Is it because we believe that only the material and physical world is real? Is it because we refuse to believe in the reality of anything beyond this world? Can we not accept the possibility that this world is not actually the real world at all, for everything in this material world is temporary, nothing here is permanent; everything we can see will pass away? Why can we not believe that the real world is the spirit world, and that we are “…surrounded by a great cloud of witnesses” in that world (Hebrews 12:1) who have preceded us in death, and who want us to know that there are “many dwelling places” in our heavenly Father’s house (John 14:1) – that the earth is only “one room” in a vast creation where there are “many rooms” with a dwelling place for all believers, just as Jesus has promised: “I go to prepare a place for you” (i.e. a place of permanent fellowship with Him)?
Once again, why is it so hard for us to believe beyond what we can see? Is it because our faith is under attack, that the enemy of our souls is always trying to convince all believers that “seeing is believing”? Perhaps all of these reasons are a part of the answer to this question, but the most obvious is the latter: DOUBT IS NOT THE ABSENCE OF FAITH, BUT RATHER AN ATTACK ON FAITH. It is so important to understand that we have an enemy who is real, and who has great power. No, the devil is not omnipotent. Only God is “all-powerful.” Nevertheless, Satan is a powerful foe, and doubts are among his most effective weapons against those who do believe. Do you realize that believers are the only ones who have doubts? Unbelievers do not have doubts; no, they simply do not believe. They have hardened their hearts, and refused to believe in spite of the evidence. Doubts are not the same as unbelief. Doubt is not the absence of faith. In fact, doubts prove you have faith, for doubts are an attack on faith. If you didn’t have faith, you wouldn’t have doubts.

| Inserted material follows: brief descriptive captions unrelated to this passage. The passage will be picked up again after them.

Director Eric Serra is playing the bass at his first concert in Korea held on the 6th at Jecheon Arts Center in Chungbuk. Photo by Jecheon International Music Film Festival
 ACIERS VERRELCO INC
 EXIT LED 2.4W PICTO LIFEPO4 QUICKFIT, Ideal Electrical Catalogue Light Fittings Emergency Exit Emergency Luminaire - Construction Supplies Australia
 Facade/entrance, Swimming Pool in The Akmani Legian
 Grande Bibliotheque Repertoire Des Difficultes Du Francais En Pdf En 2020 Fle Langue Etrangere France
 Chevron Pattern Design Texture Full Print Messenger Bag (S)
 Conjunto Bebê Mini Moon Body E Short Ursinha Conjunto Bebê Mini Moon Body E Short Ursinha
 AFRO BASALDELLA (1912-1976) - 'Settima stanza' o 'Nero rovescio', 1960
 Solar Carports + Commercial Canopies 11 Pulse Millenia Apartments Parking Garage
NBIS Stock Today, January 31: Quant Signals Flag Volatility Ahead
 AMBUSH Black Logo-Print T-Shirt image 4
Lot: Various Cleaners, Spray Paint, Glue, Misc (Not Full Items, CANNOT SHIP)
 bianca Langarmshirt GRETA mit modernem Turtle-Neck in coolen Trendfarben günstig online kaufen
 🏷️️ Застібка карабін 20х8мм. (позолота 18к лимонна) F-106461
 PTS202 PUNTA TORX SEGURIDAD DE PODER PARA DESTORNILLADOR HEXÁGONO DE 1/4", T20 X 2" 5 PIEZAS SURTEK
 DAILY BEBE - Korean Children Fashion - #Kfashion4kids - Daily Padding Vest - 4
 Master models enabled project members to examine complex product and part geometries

It is because our faith is under attack, because we are involved in a mighty spiritual conflict that the Apostle Paul admonishes believers, “Put on the whole armor of God, that you may be able to stand against the wiles of the devil” (Ephesians 6:11). This is why the Apostle Peter uses such strong language when he too encourages believers to “Resist the devil…keep alert…humble yourselves under the mighty hand of God…for your adversary the devil goes around like a roaring lion seeking someone to devour” (i.e. looking for believers to deceive, to discourage, to “devour”, i.e. to destroy – I Peter 5:6-9). So, my brothers and sisters in Christ, resist the devil! Do not allow him to burden you with haunting guilt trips because you have succumbed to his attacks. You should not feel guilty because you have doubts, and therefore begin to question your faith. No, rebuke Satan, renounce all demonic powers, all “the wiles of the devil,” “…be strong in the Lord and in the strength of his might…Pray in the Spirit at all times…always persevere in supplication for all the saints (i.e. for all believers – Ephesians 6:10,18) – “Discipline yourselves, keep alert…remain steadfast in your faith…and the God of all grace, who has called you to his eternal glory in Christ, will himself restore, support, strengthen, and establish you. To him be the power forever and ever. Amen” (I Peter 5:8-10).